Here's the bottom line. Either the road is too expensive for most people to use, or it will drive sprawl. If it drives sprawl, then it doesn't accomplish the improved mobility . And if the tolls are really high, then it doesn't benefit many people. Either way, the tolls won't pay for the road, so Maryland taxpayers from around the state end up footing the bill for a road that's either just as congested as the old road, or too expensive for most people to use.
Q: How will you pay for this project?
A: We don't know. The federal money Maryland will get in the future isn't enough to pay for this project. We'll need other sources, but don't know what or how much.
Q: How much of the money will be "discretionary" funds that the state could use for other purposes instead, if it chose?
A: We don't know yet.
Q: Can federal highway money be "flexed" to transit projects instead? What about transit on a highway?
A: Except for a few small exceptions, yes. Some categories require approval from USDOT, some don't.
Q: We think the currently proposed transportation bill in Congress allows states to keep flexing funds to transit. Is that right?
A: We don't want to answer any questions about bills that aren't law yet.
Q: Can the state use federal "highway trust fund" money for transit instead of highways if it wants?
A: Not as the programs operate now. FHWA "highway trust fund" money can't go to transit; you have to use FTA money for that. Congress has to allow that money to go to transit if it wants to let states choose between the two.
Q: How much will the state pay in interest on the bonds it will have to sell for this project?
A: We don't know how much money would be in bonds, so we can't say. However, the state has already hit its debt ceiling with the bonds it sold for the ICC, and can't sell more under current state law.

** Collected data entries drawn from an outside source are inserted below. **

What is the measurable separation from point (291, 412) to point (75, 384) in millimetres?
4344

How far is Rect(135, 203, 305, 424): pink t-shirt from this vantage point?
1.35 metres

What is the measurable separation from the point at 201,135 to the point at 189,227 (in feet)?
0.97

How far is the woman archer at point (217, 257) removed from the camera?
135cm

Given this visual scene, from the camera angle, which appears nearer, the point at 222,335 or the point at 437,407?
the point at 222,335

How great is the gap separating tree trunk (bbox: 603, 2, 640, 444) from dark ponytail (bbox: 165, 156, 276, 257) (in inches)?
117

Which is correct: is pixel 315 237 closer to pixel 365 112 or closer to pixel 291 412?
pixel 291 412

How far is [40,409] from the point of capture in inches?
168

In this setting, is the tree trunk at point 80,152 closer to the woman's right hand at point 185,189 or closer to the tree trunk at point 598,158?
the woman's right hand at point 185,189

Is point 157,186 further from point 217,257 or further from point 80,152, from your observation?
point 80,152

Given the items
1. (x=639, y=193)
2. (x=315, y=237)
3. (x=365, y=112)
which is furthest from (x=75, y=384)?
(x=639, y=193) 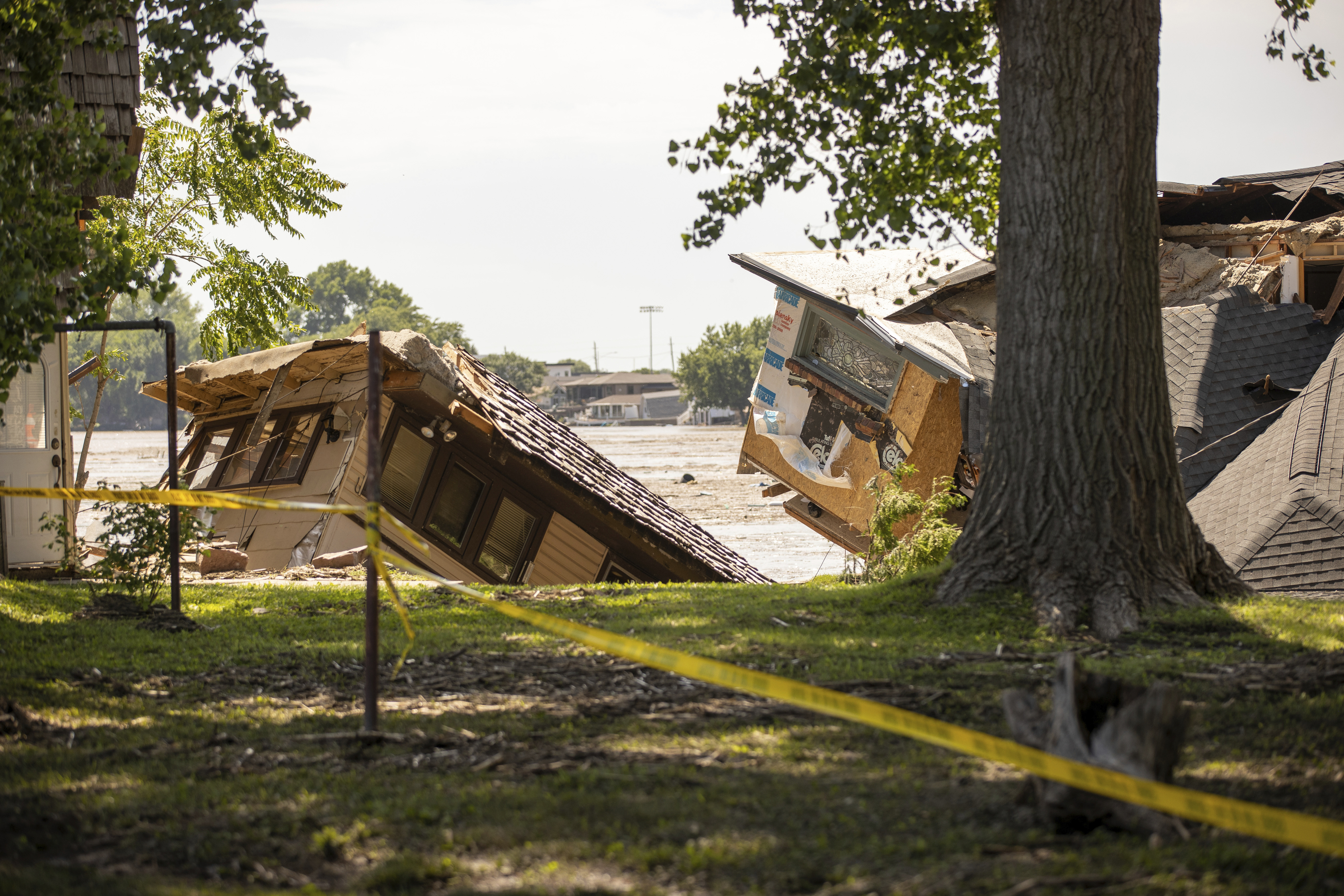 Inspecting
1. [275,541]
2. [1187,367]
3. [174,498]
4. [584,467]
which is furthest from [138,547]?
[1187,367]

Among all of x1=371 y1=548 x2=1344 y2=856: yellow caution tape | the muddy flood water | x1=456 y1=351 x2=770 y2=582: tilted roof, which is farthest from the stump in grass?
the muddy flood water

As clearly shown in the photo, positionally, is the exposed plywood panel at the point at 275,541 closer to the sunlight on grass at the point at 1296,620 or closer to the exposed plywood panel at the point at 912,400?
the exposed plywood panel at the point at 912,400

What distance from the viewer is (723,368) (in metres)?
109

Q: What do you think about ACT's transit alternative?
A: We don't have time to analyze it, but it doesn't benefit the truckers driving on I-270 which is one of the groups that the freeway project will aid.
Q: How long will it take to study this?
A: We already looked at an all-transit alternative, but took it out because it didn't really decrease VMT on I-270. If we looked at this alternative, we'd have to start the EIS over.
Q: How long will it take to study the effect of the Gaithersburg West and Germantown plans?
A: Not very long. We just plug them into the model and hit go. We already looked at this in a preliminary way and it will increase traffic on I-270 somewhat.
Q: Do you want to add lanes on I-270 south of Shady Grove?
A: We're working on that study now.
Q: What is the cost of bus service on I-270 and how much service would we get? How does that compare to the MARC improvement?
A: Buses will run every 15 minutes and carry about 2,900-3,400 people per day for a cost of $6-9 million. Improving MARC would cost $531 million and quadruple capacity to 26,000 people per day, but our model estimates about 15,500 riders. MARC reaches farther than this project, all the way to West Virginia.
Q: Your EIS says that there will be less pollution with the new lanes than without. Did that account for induced demand?
A: Our model doesn't figure there will be very much induced demand.
Q: Can you add an option for two reversible lanes, as some have suggested?
A: Sure, but we have to pick a preferred alternative from among the existing options first, and can then look at this.
Q: It looks like, since most of the traffic is in the peak direction, two reversible lanes are just as good as four new lanes with two in each direction. Is that right?
A: Yeah, it looks like you're right, but we have to rerun the numbers using new forecasts.